Ia terpaksa menahan malu ketika menyadari bahwa orang-orang di sekitar menyaksikan Amanda menampar pipinya dengan sangat keras.
Beberapa ada yang tertawa cekikikan, ada yang menatapnya iba dan ada juga yang tak acuh saja tanpa peduli bagaimana panasnya bekas tamparan Amanda.
“Mau diumpetin dimana nih muka limited edition-ku ini? Dasar cewek gila!” Ivan menggerutu di tengah rasa malunya.
Ia menyeruput sisa kopinya lalu bangkit dari kursi dan berlalu meninggalkan kafe itu diiringi tatapan berbagai rasa dari orang-orang sekitarnya.
Parkiran Kantor Ferdian.
Amanda menghisap dalam- dalam rokok putihnya. Bersandar di badan mobilnya dengan perasaan tegang dan marah. Matanya terus mengawasi orang-orang yang keluar masuk gedung di hadapannya.
Ia melirik jam di tangan. Sudah hampir jam empat petang. Sudah waktunya para pegawai di kantor itu pulang.
Kembali ia terpaku dan menghisap rokoknya lebih dalam lagi.
Seketika wajahnya berubah semringah kala melihat sosok yang ditunggunya keluar dari pintu lobi utama.
__ADS_1
Ferdian dengan memakai kacamata hitam melangkah menuju tempat kendaraannya terparkir. Lekas Amanda membuang rokoknya dan berlari menuju ke arah pria itu.
“Bebi....“ panggil Amanda di belakang punggung Ferdian yang sudah siap membuka pintu mobilnya.
Ferdian membalikkan badan, didapatinya Amanda berdiri di hadapannya dengan rambut yang acak-acakan dan riasan wajah yang luntur karena air mata.
“Bebi, aku ingin bicara,” mohon Amanda memelas. Ia makin mendekat ke tubuh Ferdian namun pria itu justru bergeser menjauh.
“Sudahlah, urusan kita sudah selesai,” ucap Ferdian dingin, lalu membuang pandangan ke arah lain.

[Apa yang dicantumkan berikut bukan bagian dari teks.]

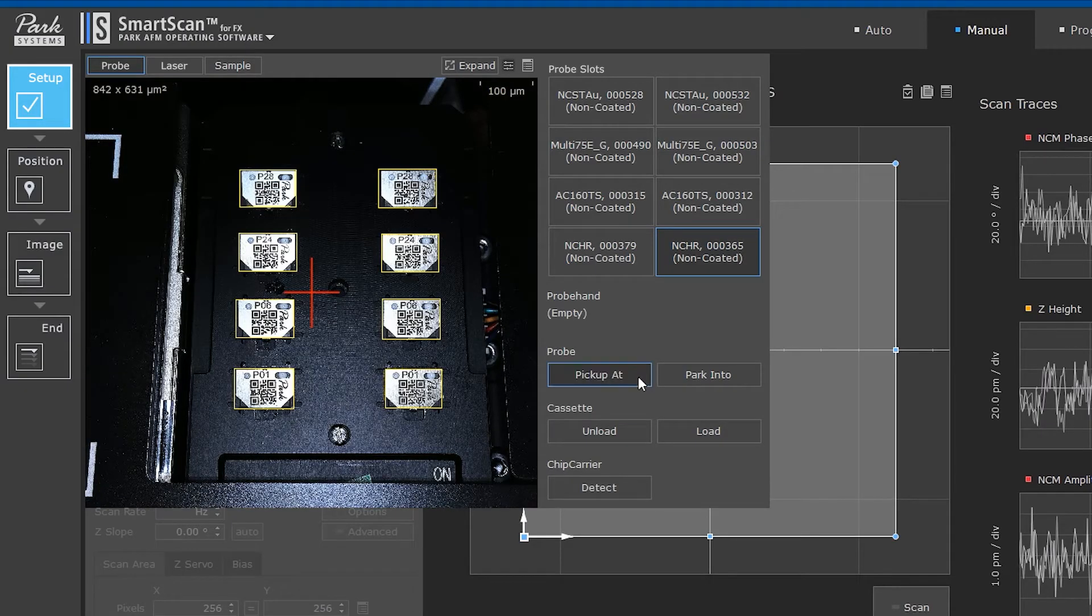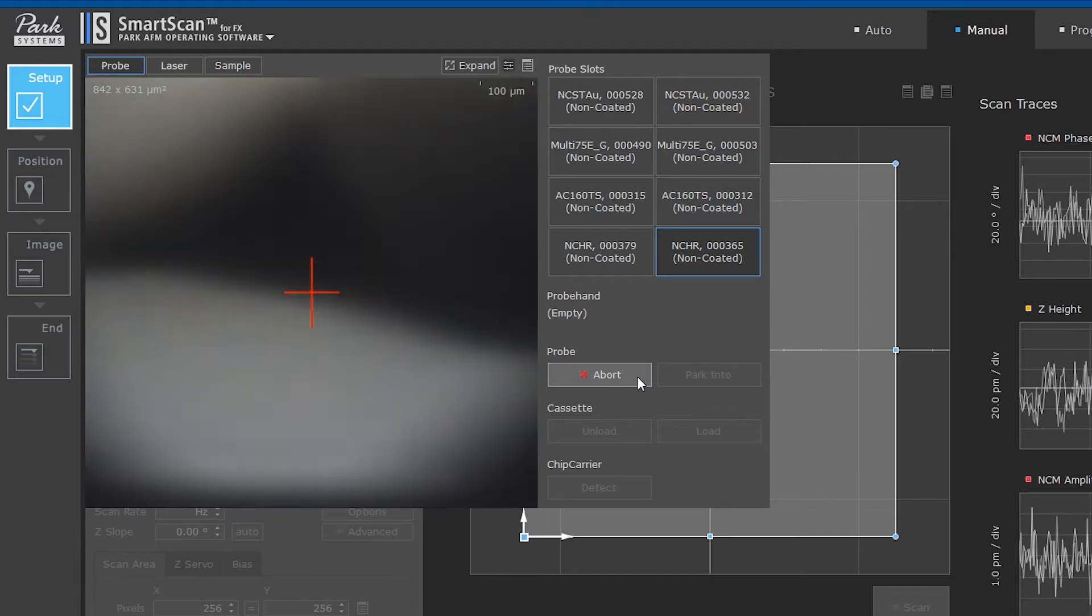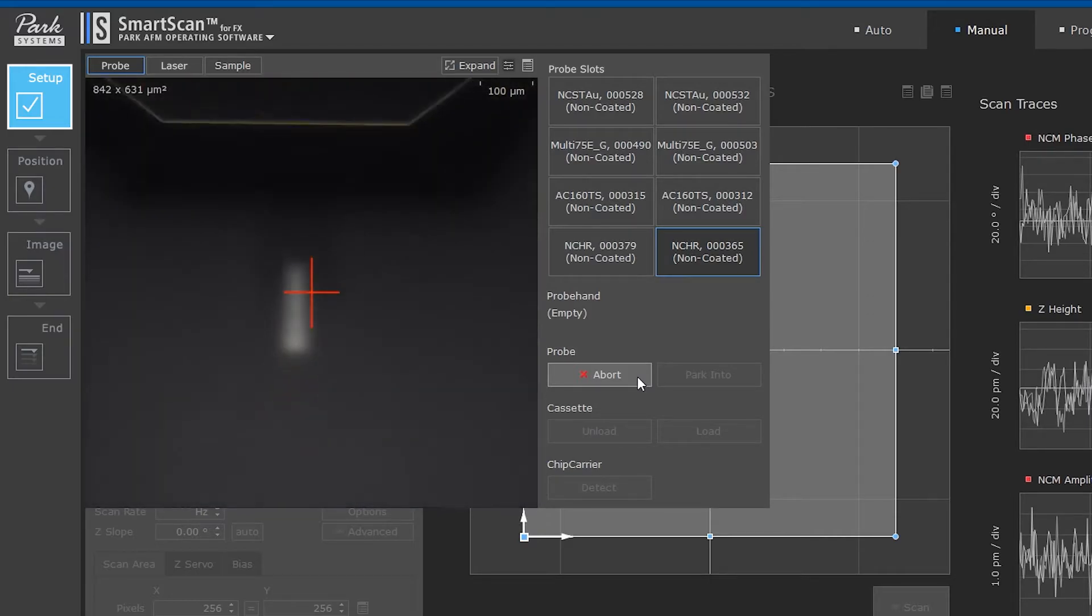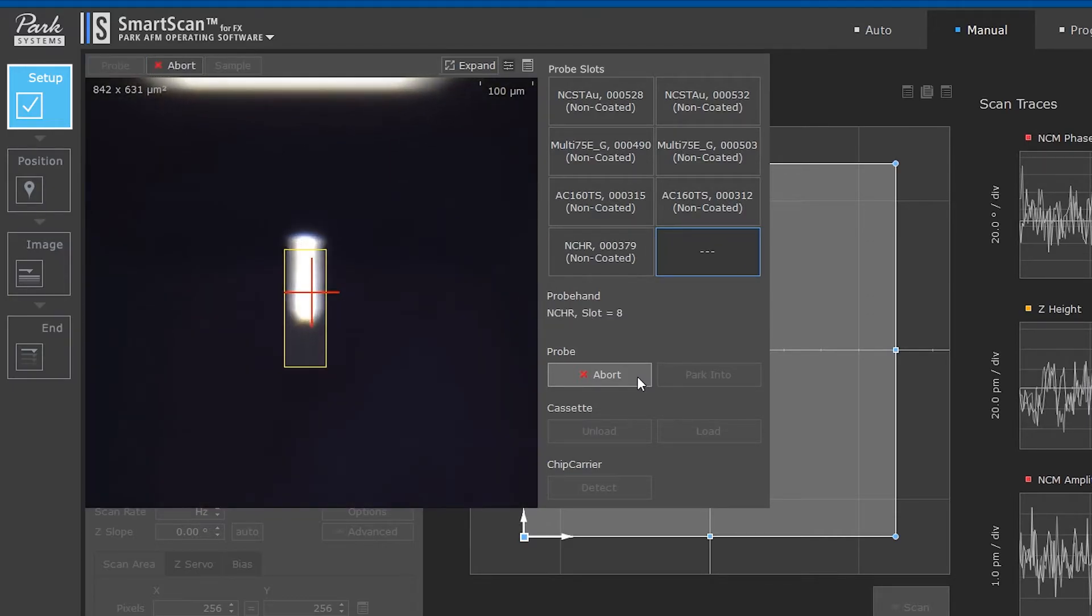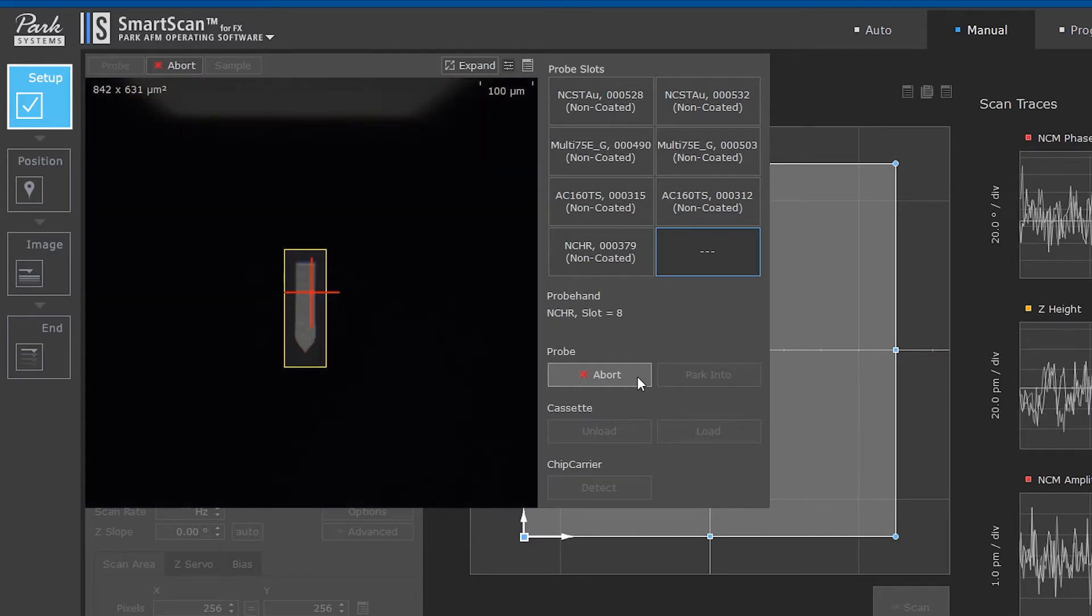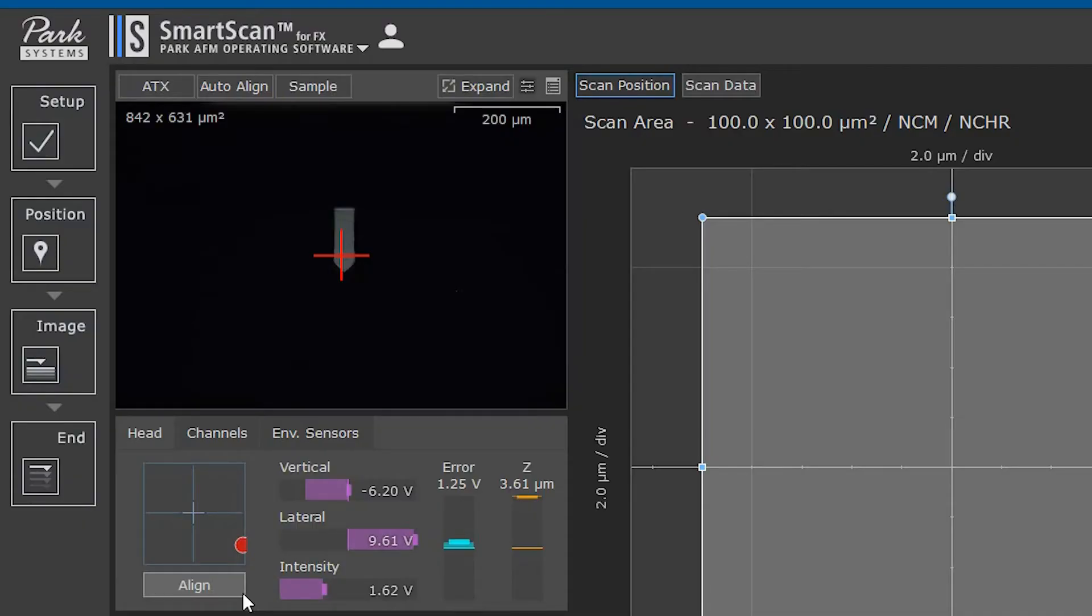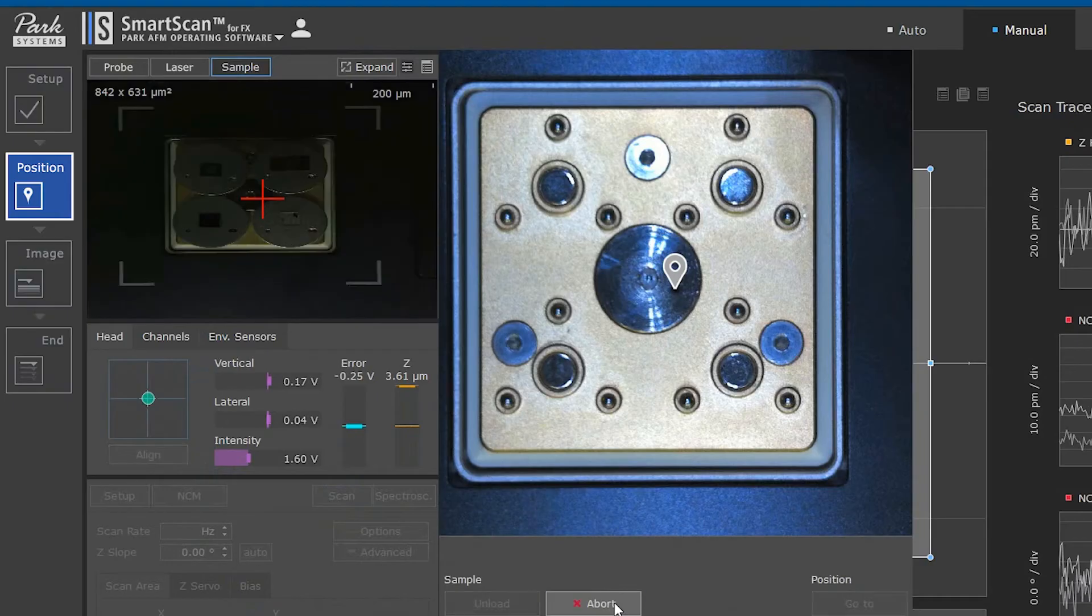After the user selects the tip, the chip carrier is loaded onto the AFM head and the initial position of the cantilever is detected. SmartScan will align the SLD beam onto the proper position of the cantilever and prepare to move to the sample.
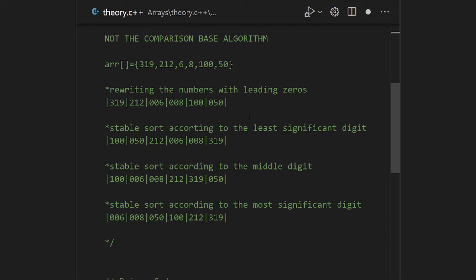The first step of this algorithm is to assign equal length of digits to all array elements. For example, 319 is a three-digit element and 6 is a one-digit element. So we append leading zeros before 6 to get 006. We rewrite all numbers with leading zeros. Then, according to stable sort, we take the least significant digit — the rightmost digit — and compare it across all elements.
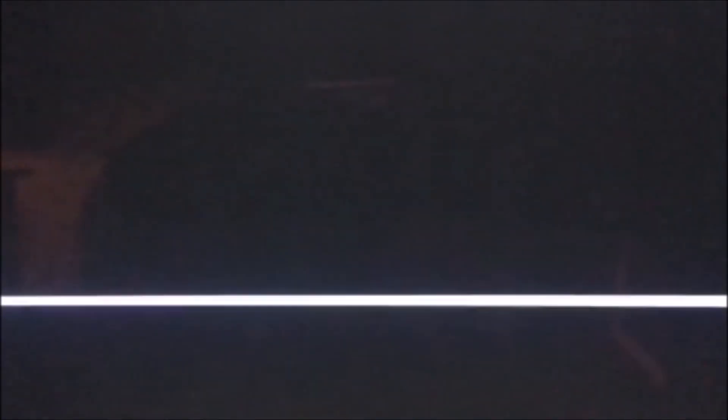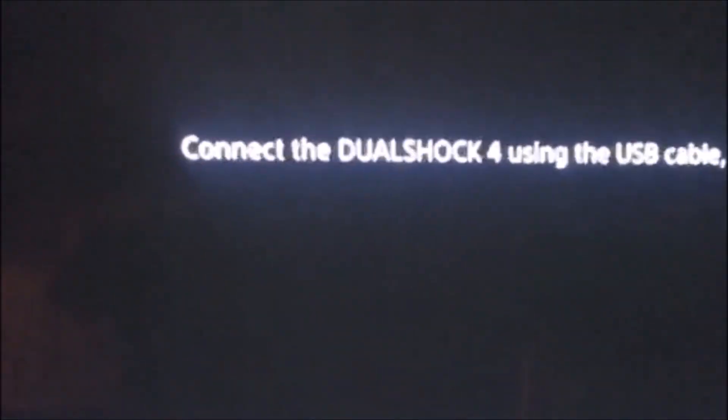You want to make sure that your cable is connected to your PlayStation 4 controller. Just give me one minute.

“Bebi, apa benar kamu sudah nikah?” tanya Amanda langsung. Ferdian tak menjawab, ia hanya mengatup bibirnya rapat.
'Darimana wanita ini tau?' tanya Ferdian dalam hati.
“Please, Beb. Tolong bilang kalau berita itu tidak benar, kan? Ya, kan?” desak Amanda lagi.
“Benar atau tidak, apa urusannya sama kamu?” Ferdian balik tanya masih dengan nada suaranya yang dingin.
“Aku ingin kita kembali, Beb. Aku cinta sama kamu,” mohon Amanda dan mulai menitikan air mata.
Ferdian menghela napas berat. Lalu ia lepas kaca mata hitamnya dan menatap tajam wajah Amanda.
“Gak bisa, aku udah gak punya rasa apapun sama kamu,”
“Bohong! Kamu pasti masih cinta sama aku, kan.” Amanda mendesak setengah berteriak. Suaranya sudah mulai meninggi.
Beberapa orang yang lewat di depan mereka spontan menoleh ke arahnya. Ferdian merasa malu pada orang-orang yang berlalu lalang di sekitarnya karena hampir semuanya mengenal dirinya.
“Kamu cari pria lain saja, aku memang sudah nikah," ucap Ferdian kemudian.
“Nooooo!!!!” Amanda menumpahkan tangisnya. Air matanya merebak deras tak terbendung lagi.
“Aku cinta kamu, Beb. Aku gak rela perempuan lain merebut kamu,” Amanda semakin histeris.
Ferdian hanya menggeleng-geleng kepala melihat tingkah Amanda yang seperti perempuan tak punya etika.
Ferdian membuka pintu mobilnya untuk segera pergi dari tempat itu. Tentu saja ia malu karena orang-orang sudah banyak yang berhenti hanya untuk menyaksikan Amanda yang menangis terisak-isak.
“Bebi! Bebi! Buka pintunya. Aku mohon, Beb.” Amanda mengetuk-ngetuk kaca mobil, tapi Ferdian sama sekali tak menggubrisnya.
Mobil hitam itu seketika meluncur cepat meninggalkan dirinya yang terduduk di pelataran parkir sambil tersedu-sedu.
Sama sekali tak ia pedulikan lagi banyak pasang mata yang kini tertuju pada dirinya dengan tatapan penuh tanda tanya.
“Aku akan cari tahu siapa perempuan yang berani mengambil Ferdian dariku. Aku akan habisi dia!” ancam Amanda geram.